**Data to use:**
- - - - - - -

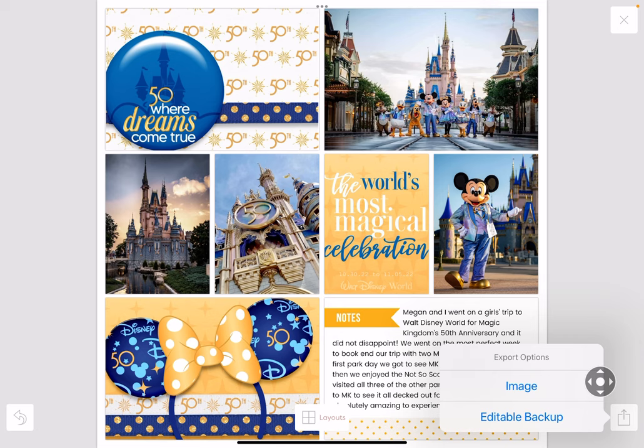In my almost 10 years of using the app, I've only had to recreate a page once — because I labeled entire countries wrong on a work trip of my husband's. Otherwise I let a typo stand. If I duplicated a picture on a layout a couple of pages later in a book, I leave it. I don't get too wrapped up in that, but the editable backup is an option if you want to keep it.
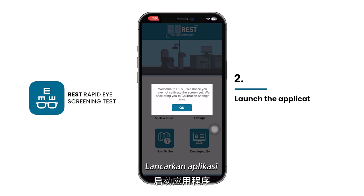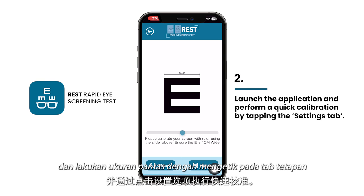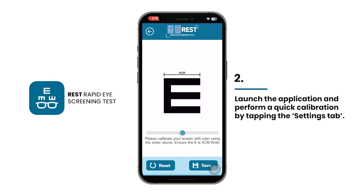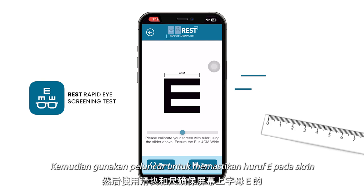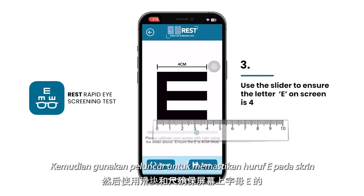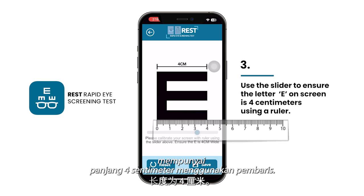Launch the application and perform a quick calibration by tapping on the settings tab. Then use the slider to ensure that the letter E on screen has a length of 4 cm using a ruler.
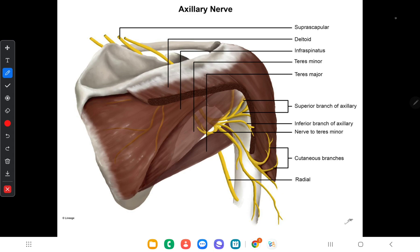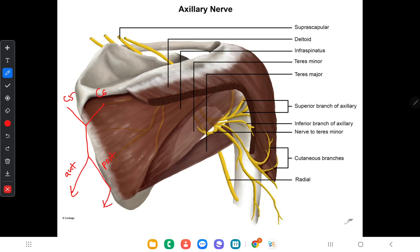The axillary nerve divides into two branches: an anterior branch and a posterior branch. The anterior branch gives nerve supply to the skin of the lower half of the deltoid muscle. The posterior branch gives nerve supply to the teres minor muscle and the upper lateral cutaneous nerve of the arm. Both the anterior and posterior branches give nerve supply to the deltoid muscle.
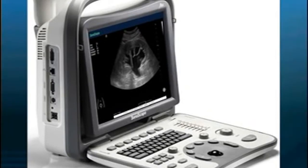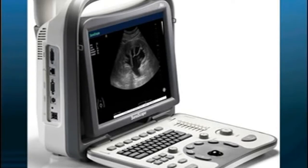Being able to understand a few basic physical principles about how ultrasound interacts with various human tissue, as well as having a working knowledge about the key buttons used to control the ultrasound machine, will maximize your ability to acquire quality images in a timely fashion.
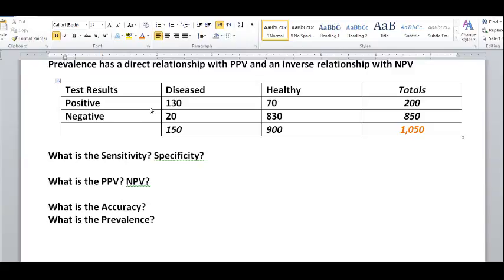From the diseased people, the ones who got a positive test result are 130 and the ones with a negative test result are 20 — altogether that's 150 people who are diseased. From all the healthy people, we have 70 who got a positive test result and 830 who got a negative test result, for a total of 900 healthy people. The total number of positive results was 200 (130 plus 70), and all the negative results were 850. Adding everything up, we get a total of 1,050 people who took the test.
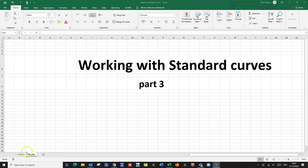So now let's create our standard curve. This is the third part of working with standard curves, and for this I am going to use Microsoft Excel because it has all the features that we really need.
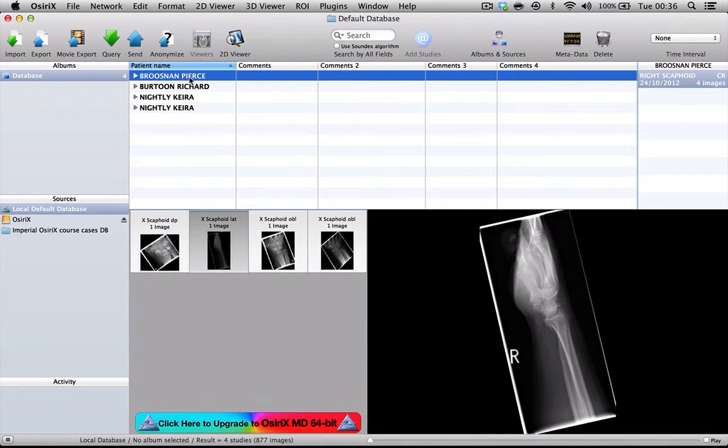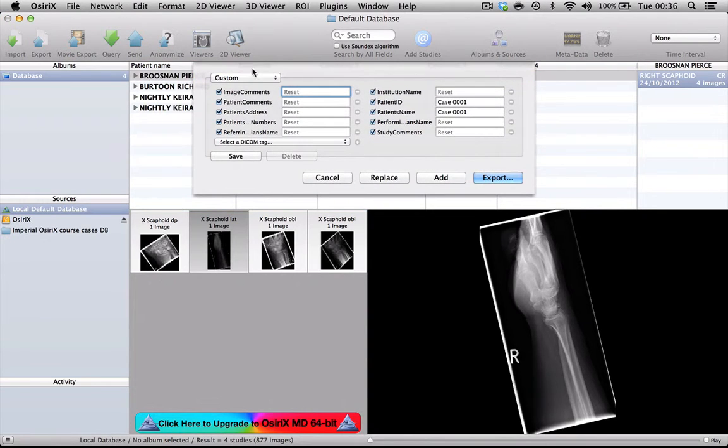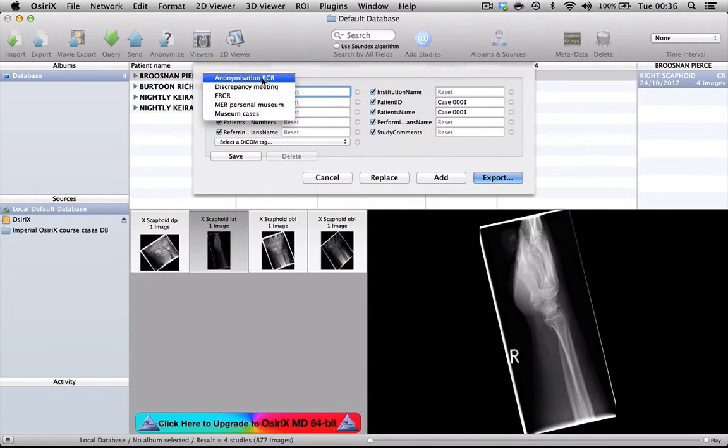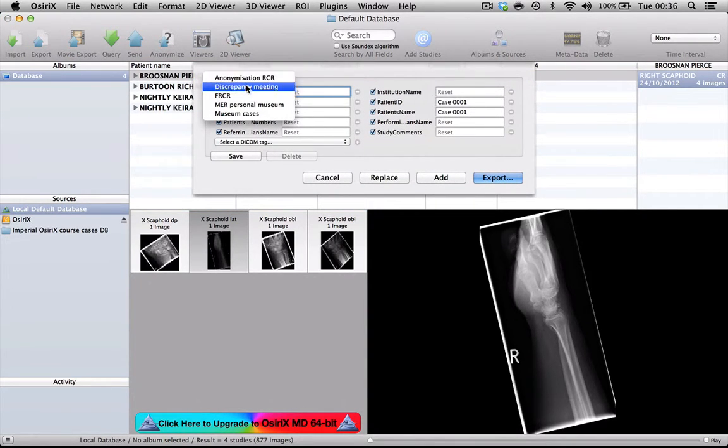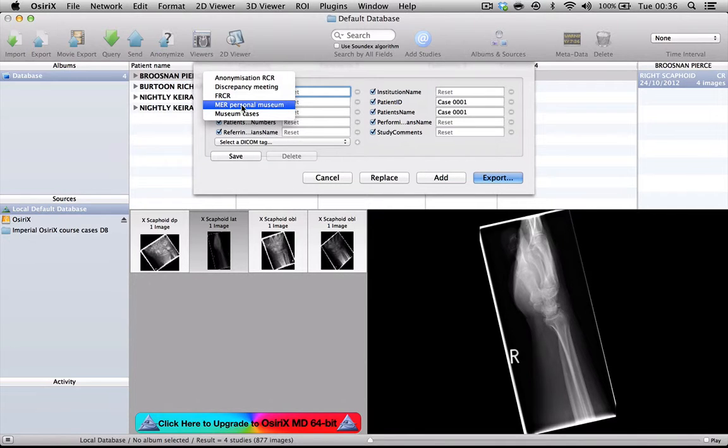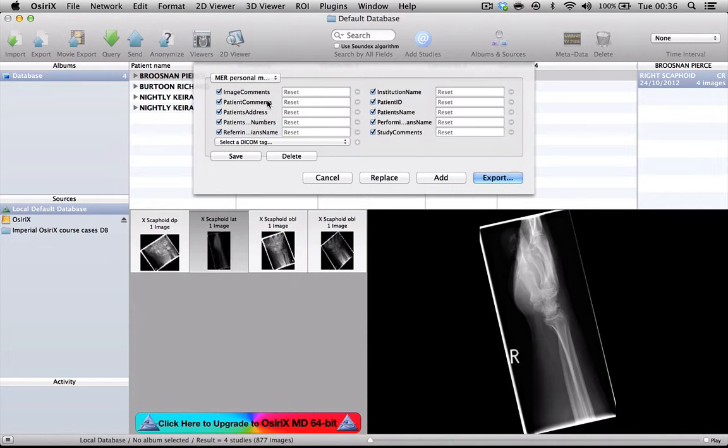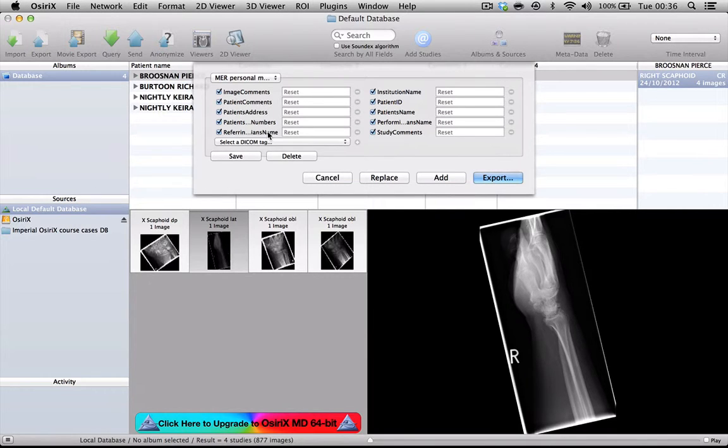If we look at this first patient here, if I press anonymize, I'm going to get a list of different default anonymization protocols that I have previously set up. I'll select 'MR Personal Museum' here. You can see that what this does is it's selected a different number of DICOM headers which will be stripped if we press the anonymization button.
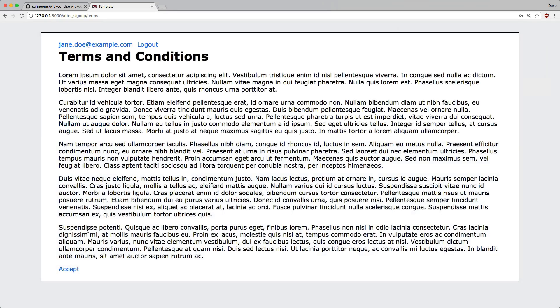In this example, we're not tracking the actual steps that they're taking. However, you very well could. For example, you may have a boolean on the user for accepting the terms and conditions, or a datetime stamp.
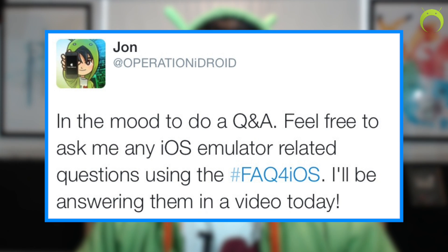Hey, what's up? Operation iDroid here and welcome to a different type of video. I went to Twitter and asked people if they had any iOS emulator related questions. I picked a few of the most popular responses and in this video I'm going to be answering them, because recently I've been trying to respond to as many comments as I possibly can but it's difficult, so hopefully I can answer some of the most popular questions in one video.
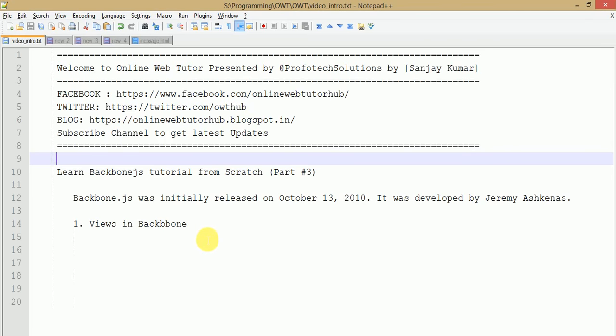Hello guys, welcome to Online Web Tutor presented by Prophetic Solutions team. I am Sanjay. We are learning Backbone.js tutorial from scratch and this is Part 3 of this video session series. If you are a beginner, I strongly recommend you to watch Part 1 and 2, where we discussed the introduction and working principle of Backbone.js and how the architecture diagram flows from client-side request to database.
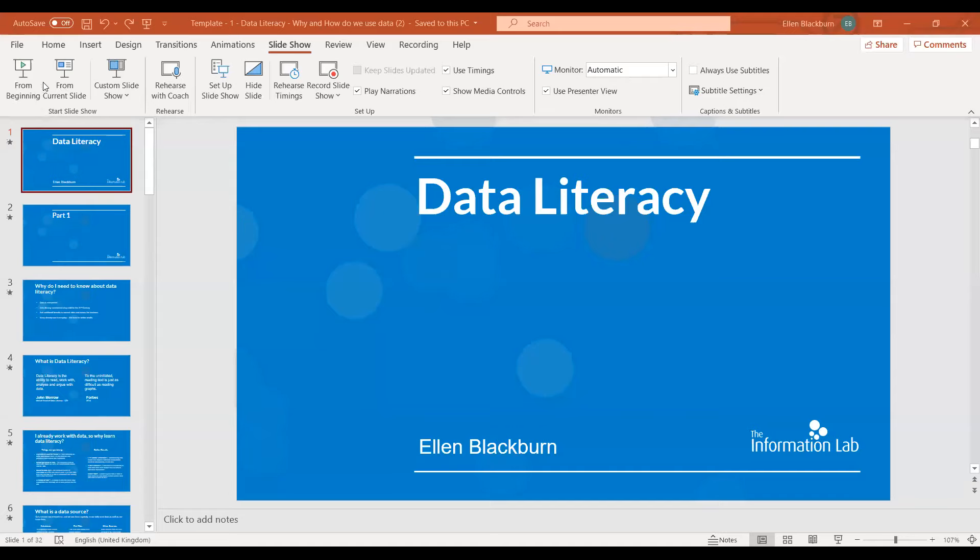A quick note before we get started: you're welcome to throw questions in the chat throughout the session and we'll leave a few minutes at the end to look at them, but we won't be going through them as we go, otherwise I'll lose my train of thought. The data literacy talk today is broadly split into three different parts. The first looks at data literacy as a concept and how we use data.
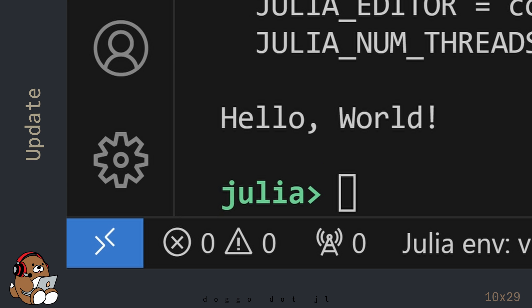If you see hello world in the REPL, then congratulations! You have successfully updated to the latest version of Julia.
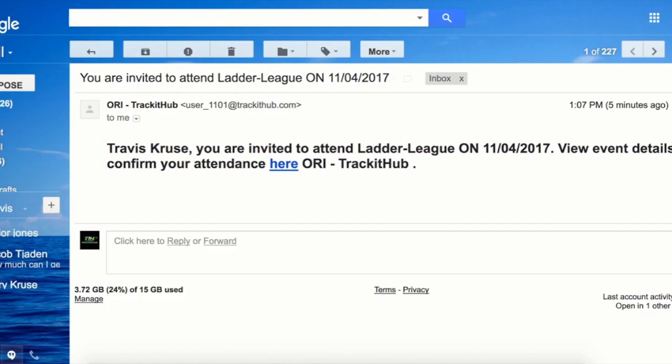First I must go to my email invitation that I received from my club. The text will show the name of your event and what date it will actually be held on, and then it will say 'view event details and confirm your attendance here.' Now if I do not want to be a part of the event, I can just ignore this invitation altogether and my attendance will be registered as a no.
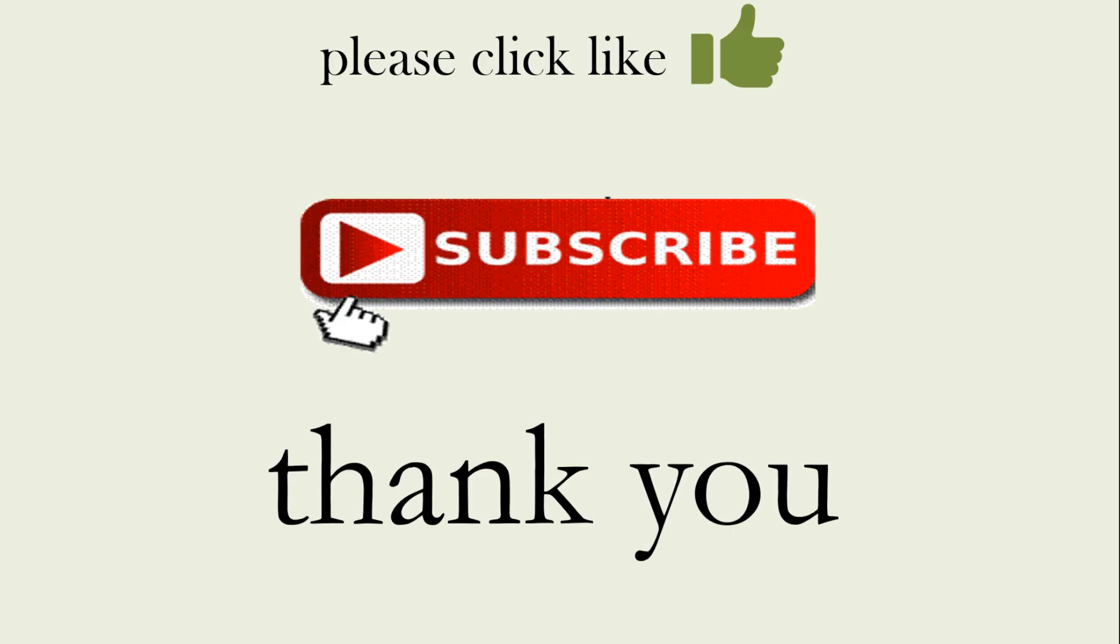Okay I hope you enjoyed it if you did please click the like and if you haven't already please subscribe. Thank you for watching and see you for the next video.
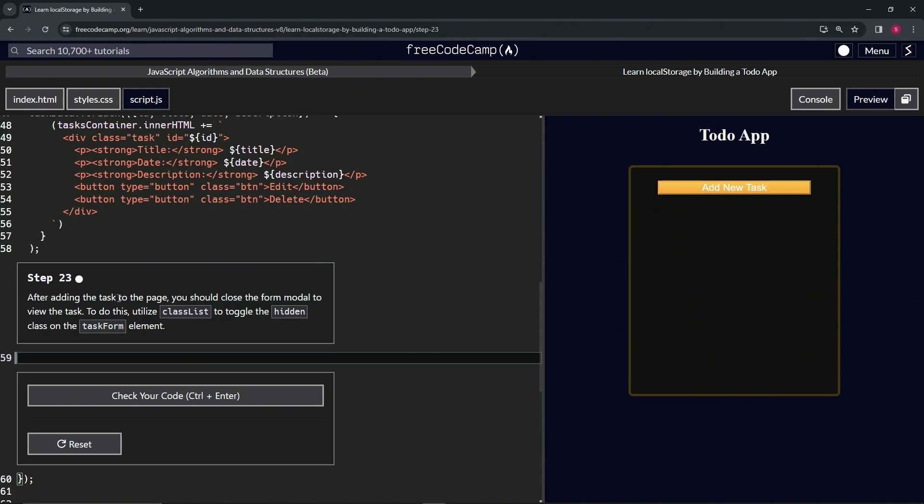After adding the task to the page, you should close the form modal to view the task. To do this, we're going to utilize classList to toggle the hidden class on the task form element.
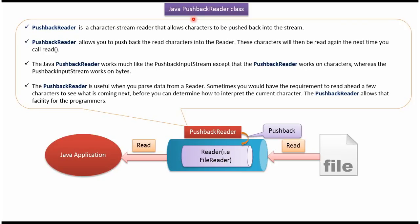Hi, this video tutorial I will cover PushbackReader. PushbackReader is a character stream reader that allows characters to be pushed back into the stream.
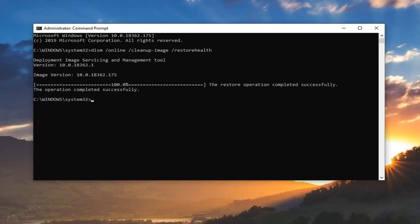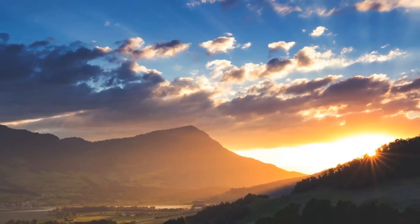It should say the restore operation completed successfully. Once you're done with that, I would suggest closing out of here, restart your computer, and hopefully that should be about it.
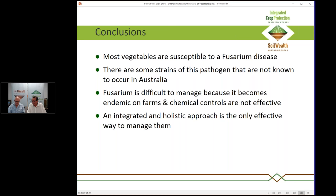Regarding the use of potassium phosphate (phosphite) as a control tool: phosphite is a general plant defence activator and doesn't have specific fungicidal activity against Fusarium. It would help stimulate some plant defences. Whether it would be specifically effective against Fusarium is uncertain, but because there is crosstalk between different defence pathways, it would probably help a little — though it wouldn't be a panacea.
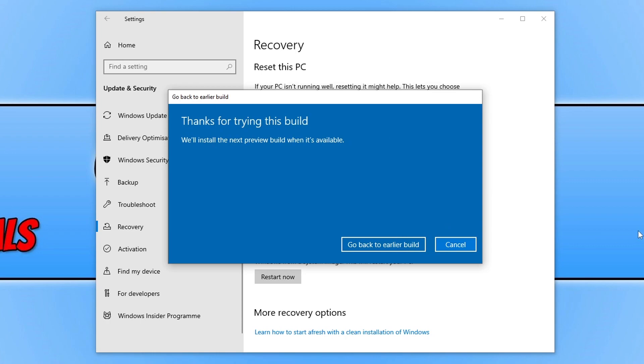Once you're happy with all of that, we can now press Go Back to Earlier Build and your computer will then restart immediately, so just make sure you have saved everything before you press this button. I'm now going to go ahead and click on this button to restart Windows.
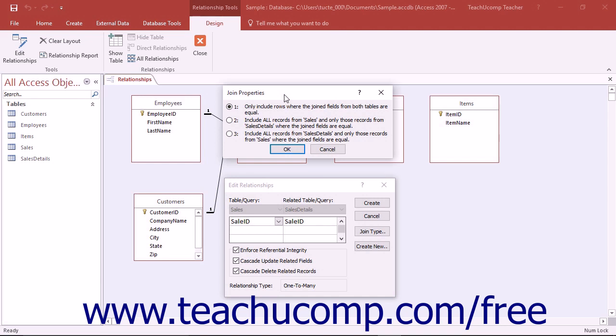However, if you do change the Join Type settings in this window as part of the join between the tables, note that this permanently alters the way that the data between the two tables is related.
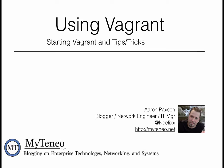Hi everyone, welcome to this training video on using Vagrant. My name is Aaron Paxson. I blog at myteneo.net and you can find me on Twitter as @Neelix. For this video, we're going to spend a few minutes learning what Vagrant does, starting Vagrant, and some tips and tricks down the road.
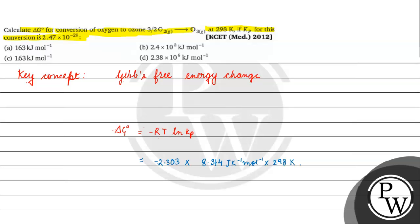298 Kelvin. This will be log with the base 10 of 2.47 into 10 to the power minus 29.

- - - - - - -

**Directions for this task:** With the pictures omitted, copy the entries above exactly from the line containing "So now let's" through the line containing "Hey, what's up?", both lines included.

**Response area:**
So now let's create our standard curve. This is the third part of working with standard curves, and for this I am going to use Microsoft Excel because it has all the features that we really need.
If we look at this first patient here, if I press anonymize, I'm going to get a list of different default anonymization protocols that I have previously set up. I'll select 'MR Personal Museum' here. You can see that what this does is it's selected a different number of DICOM headers which will be stripped if we press the anonymization button.
In this example, we're not tracking the actual steps that they're taking. However, you very well could. For example, you may have a boolean on the user for accepting the terms and conditions, or a datetime stamp.
Hey, what's up? Operation iDroid here and welcome to a different type of video. I went to Twitter and asked people if they had any iOS emulator related questions. I picked a few of the most popular responses and in this video I'm going to be answering them, because recently I've been trying to respond to as many comments as I possibly can but it's difficult, so hopefully I can answer some of the most popular questions in one video.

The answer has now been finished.